> [AIM OF THE EXERCISE]: Return all the lines below exactly. Any picture among them is omitted.

> [DATA SEGMENT]:
┄┄┄┄┄┄
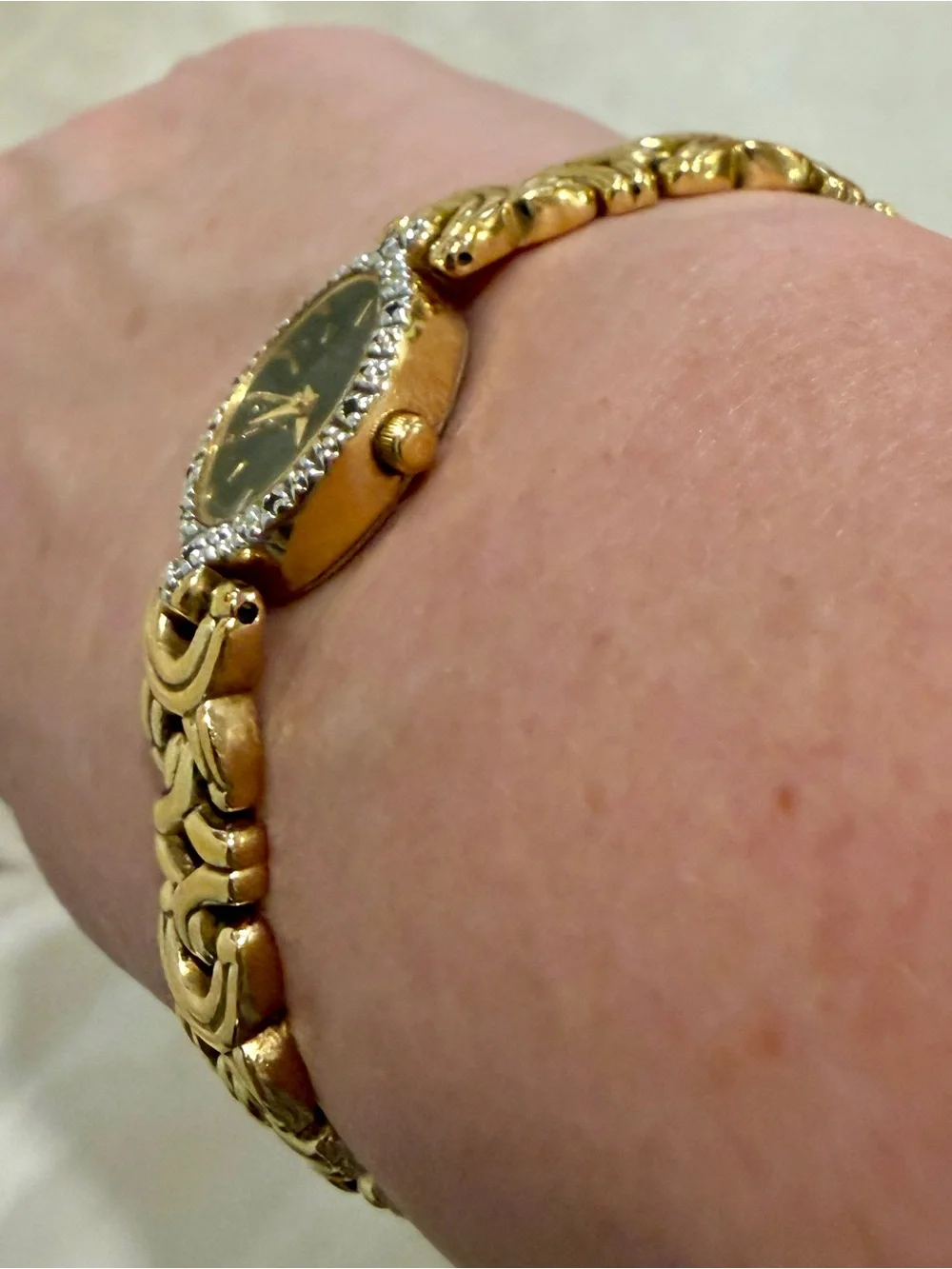 Bulova Gold Tone Dainty Oval Wristwatch Black Dial Textured Bezel Link Bracelet
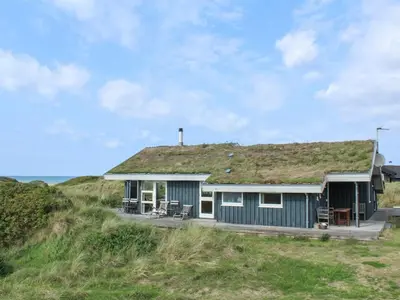 a house with a grass roof on the beach at Holiday Home Eunike - 220m from the sea by Interhome in Løkken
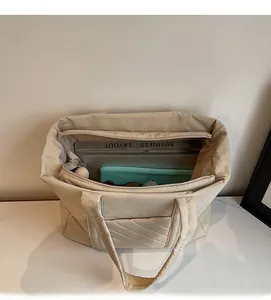 Top view of spacious canvas tote bag interior showing large capacity with compartments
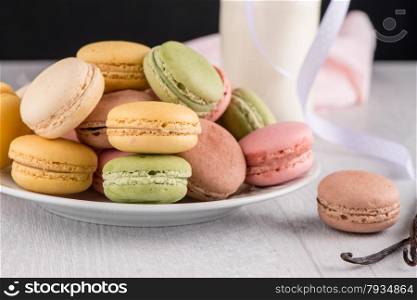 Classic Macarons with Raspberry, Coffee, Chocolate and Pistachios Filled with Cream, French Pastry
┄┄┄┄┄┄
> [EXPECTED OUTPUT]:
 Bulova Gold Tone Dainty Oval Wristwatch Black Dial Textured Bezel Link Bracelet
 a house with a grass roof on the beach at Holiday Home Eunike - 220m from the sea by Interhome in Løkken
 Top view of spacious canvas tote bag interior showing large capacity with compartments
 Classic Macarons with Raspberry, Coffee, Chocolate and Pistachios Filled with Cream, French Pastry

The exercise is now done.